CASES of pancreatic cancer in the north have risen by 86 percent over two decades, new research has found.
An audit published on Tuesday found there were 283 confirmed cases of the disease in Northern Ireland in 2020, compared to 152 in 2001.
The findings have prompted a call by the director of the Royal College of Surgeons in NI for strengthening of services to combat the disease, as cases are "likely to continue to rise" in the years ahead.
The increase is thought to be related to factors including an ageing population, obesity and rising cases of diabetes.
The new audit was funded by pancreatic cancer charity NIPANC, with work on the study carried out by the Northern Ireland Cancer Registry (NICR), and Queen’s University in partnership with the Belfast Health and Social Care Trust.
The audit, which examined cases during 2019 and 2020, is the first on pancreatic cancer to be published in the UK since the Covid pandemic, and its findings will be used in an upcoming audit of cases in England.
The majority of cases in the study - 53 percent - were diagnosed at an advanced stage, while patients faced on average a 44 day wait for an essential PET-CT scan.
Royal College of Surgeons NI director, Professor Mark Taylor, who is a consultant hepatobiliary and pancreatic cancer surgeon and NIPANC trustee, said: “We can see on the ground, how pancreatic cancer referrals are increasing, and we must strengthen our services in response.
“It is concerning the most common route to diagnosis was via emergency admissions, at 43 percent, and the majority of patients presented with advanced (Stage 4) cancer where the cancer has spread to a distant site.
"This underpins the importance of continuing in all our campaigning efforts to raise awareness of early signs and symptoms to enable timely diagnosis and treatment.”
The audit highlights the need for improvements to allow for better access to diagnostics such as scans, and for patients to be treated within 62 days of referral.
Dr Damien Bennett, NICR interim director, said: “We also want to see better access to clinical trials for NI pancreatic cancer patients in addition to a strengthening of personalised and holistic care for those who face a diagnosis of the disease.
“This audit shows that, unfortunately, most people with pancreatic cancer are still diagnosed with advanced disease, which leads to worse outcomes and poorer survival.”
Dr Bennett added: “This audit by the NI Cancer Registry was only possible with the support of NIPANC, but for audits to be effective they need to be funded to repeat on a regular basis.”

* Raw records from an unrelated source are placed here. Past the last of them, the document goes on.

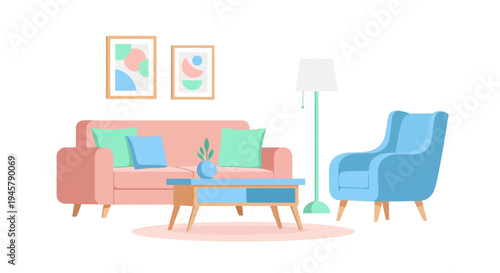 Minimalist living room interior design vector illustration with pastel pink sofa, blue armchair, coffee table, and abstract art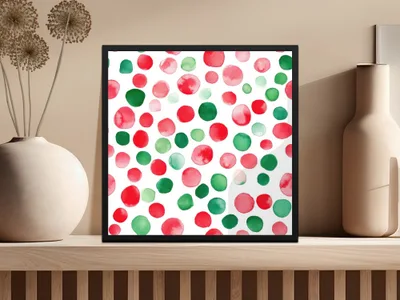 Red and Green Watercolor Polka Dots Seamless Pattern - Moore and Mountain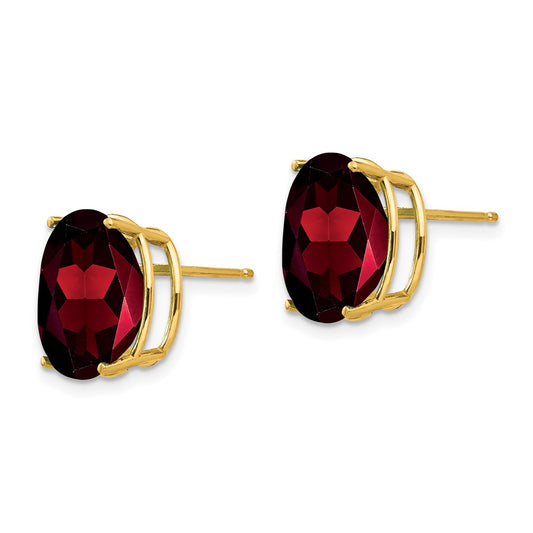 Buy Exclusive 14K Gold Oval Garnet Earrings - Stylish Gemstone Luxury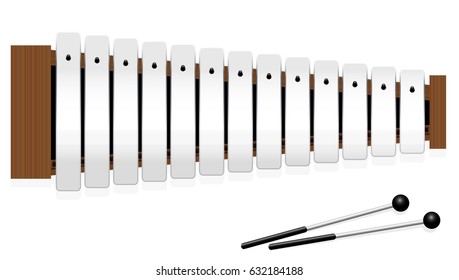 Glockenspiel or metallophone with thirteen metal bars and two percussion mallets - top view - isolated vector illustration on white background.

Sinéad Hawkins, the audit's lead author said: “If more patients can be diagnosed earlier and fitter, they may be able to receive tumour-reducing therapies and survive longer. This would require increased focus from the health agencies and wider stakeholders to increase awareness of pancreatic cancer symptoms and support earlier diagnosis reducing diagnoses at hospital emergency departments.”

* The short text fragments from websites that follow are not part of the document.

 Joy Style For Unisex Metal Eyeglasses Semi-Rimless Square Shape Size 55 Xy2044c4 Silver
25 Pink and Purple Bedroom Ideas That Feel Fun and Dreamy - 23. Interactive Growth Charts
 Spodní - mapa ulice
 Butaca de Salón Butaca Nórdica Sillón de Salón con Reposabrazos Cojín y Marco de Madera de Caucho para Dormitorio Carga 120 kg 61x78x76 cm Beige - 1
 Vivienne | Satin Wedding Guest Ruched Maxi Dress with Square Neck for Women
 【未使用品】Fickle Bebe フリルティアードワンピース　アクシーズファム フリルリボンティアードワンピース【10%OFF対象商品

The Department of Health said it welcomes the audit, adding that the Cancer Strategy for NI 2022-2032, launched last year, has "the vision to ensure everyone in Northern Ireland has equitable and timely access to the most effective, evidence -based referral, diagnosis, treatment, support and person-centred cancer care".
However, the department has warned that delivering the strategy's plan remains "extremely challenging" given restrictions following the recent budget, and a spokesperson said the department was facing a funding gap of around £732m.
They added that two new Rapid Diagnosis Centres in Newtownabbey and Dungannon were also providing pathways for earlier cancer diagnosis.